__Task to carry out__:
Pictures must not appear in the copy. Restate exactly the lines below from the one with "WDSOPK Burgundy Push" through the one with "Onigiri with tofu", inclusive.

(Task inputs begins)

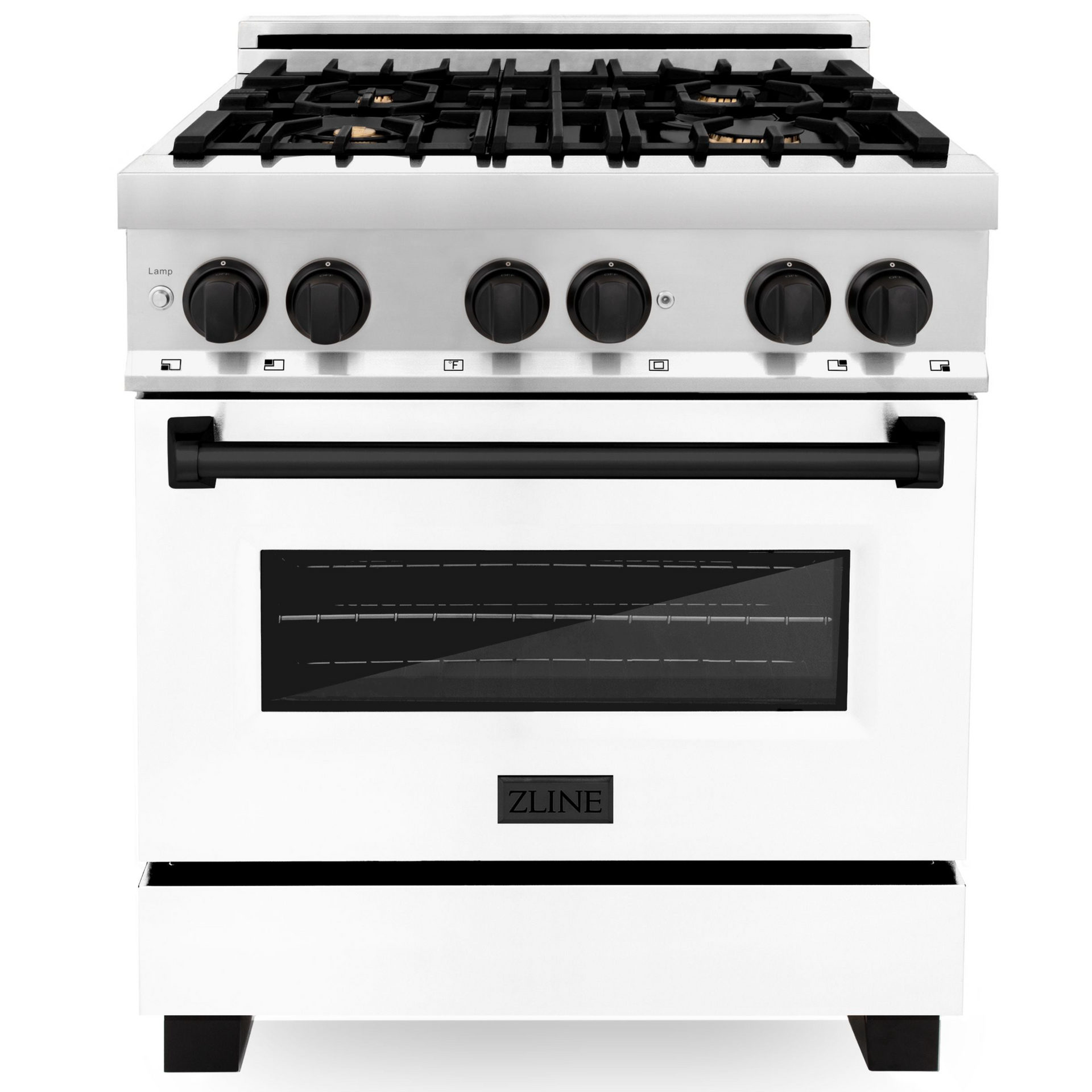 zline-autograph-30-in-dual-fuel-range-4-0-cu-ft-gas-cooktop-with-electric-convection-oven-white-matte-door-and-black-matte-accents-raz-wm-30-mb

(Task inputs ends)
(Task inputs begins)

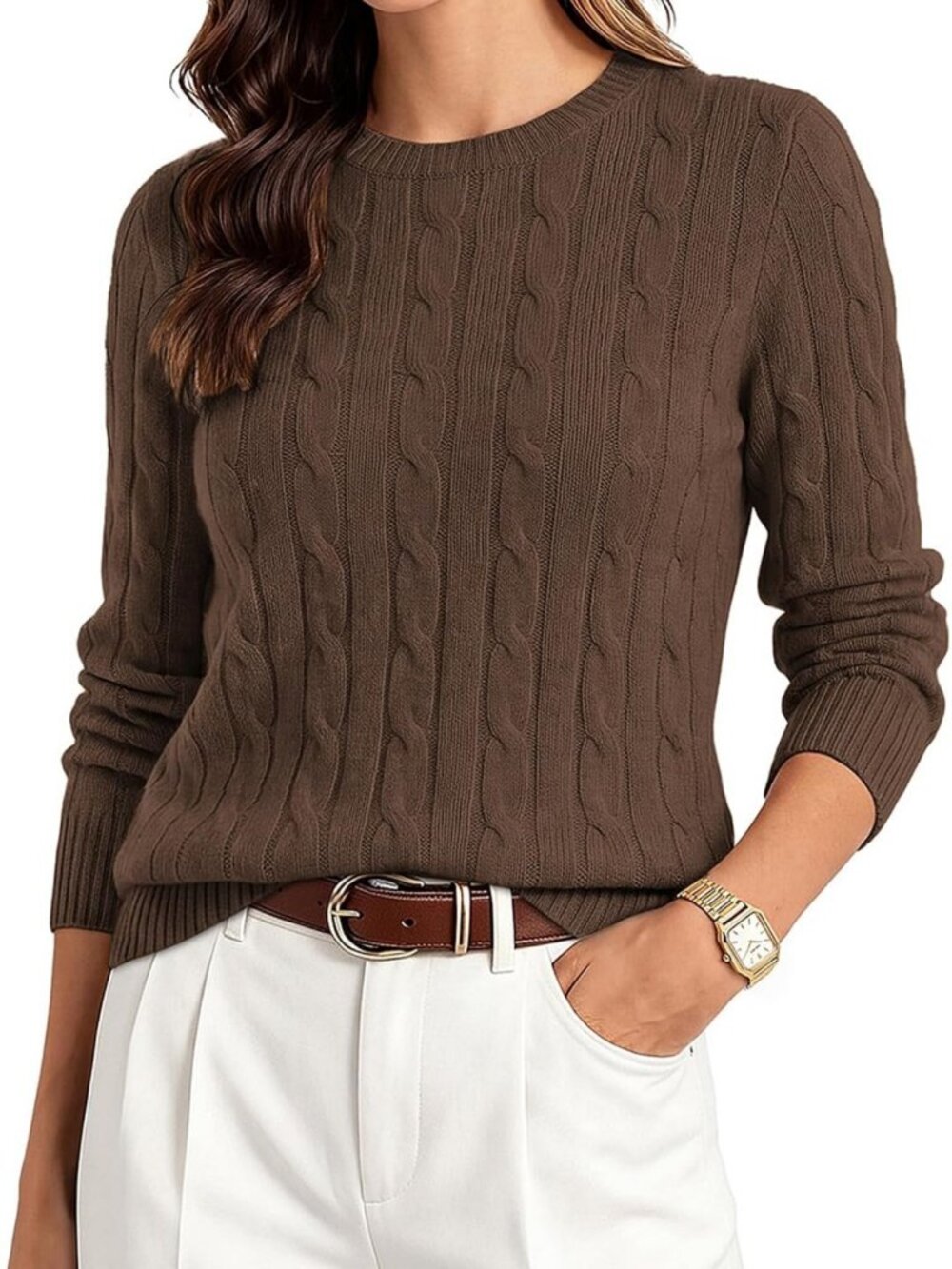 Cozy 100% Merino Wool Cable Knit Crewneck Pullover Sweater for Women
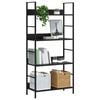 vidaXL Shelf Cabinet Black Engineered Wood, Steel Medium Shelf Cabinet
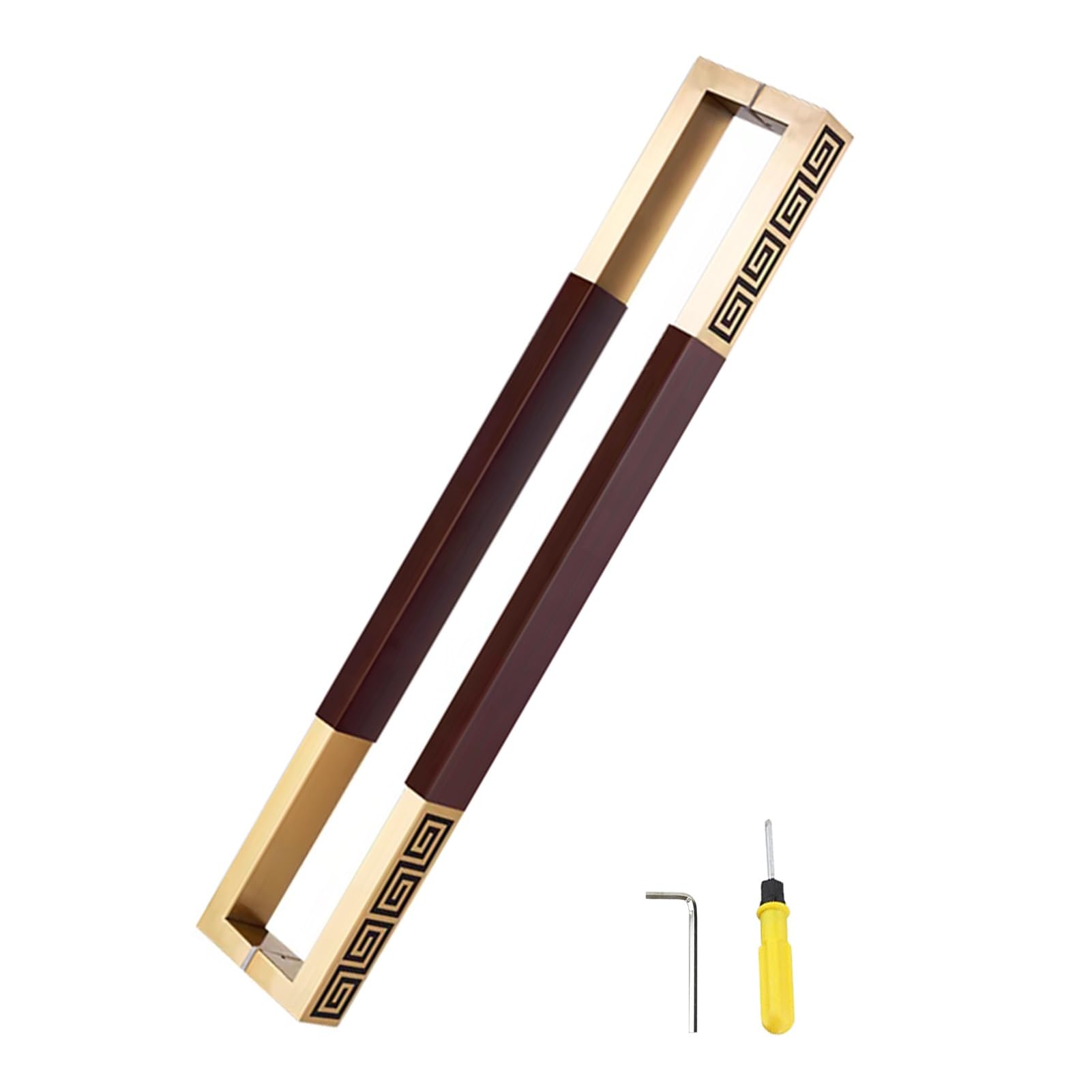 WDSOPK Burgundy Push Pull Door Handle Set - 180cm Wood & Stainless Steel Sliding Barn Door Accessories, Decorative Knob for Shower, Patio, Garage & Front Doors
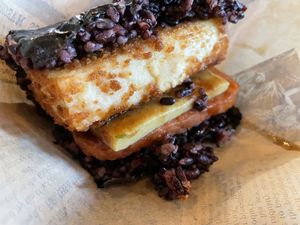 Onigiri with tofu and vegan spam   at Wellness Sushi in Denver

(Task inputs ends)

__Result__:
 WDSOPK Burgundy Push Pull Door Handle Set - 180cm Wood & Stainless Steel Sliding Barn Door Accessories, Decorative Knob for Shower, Patio, Garage & Front Doors
 Onigiri with tofu and vegan spam   at Wellness Sushi in Denver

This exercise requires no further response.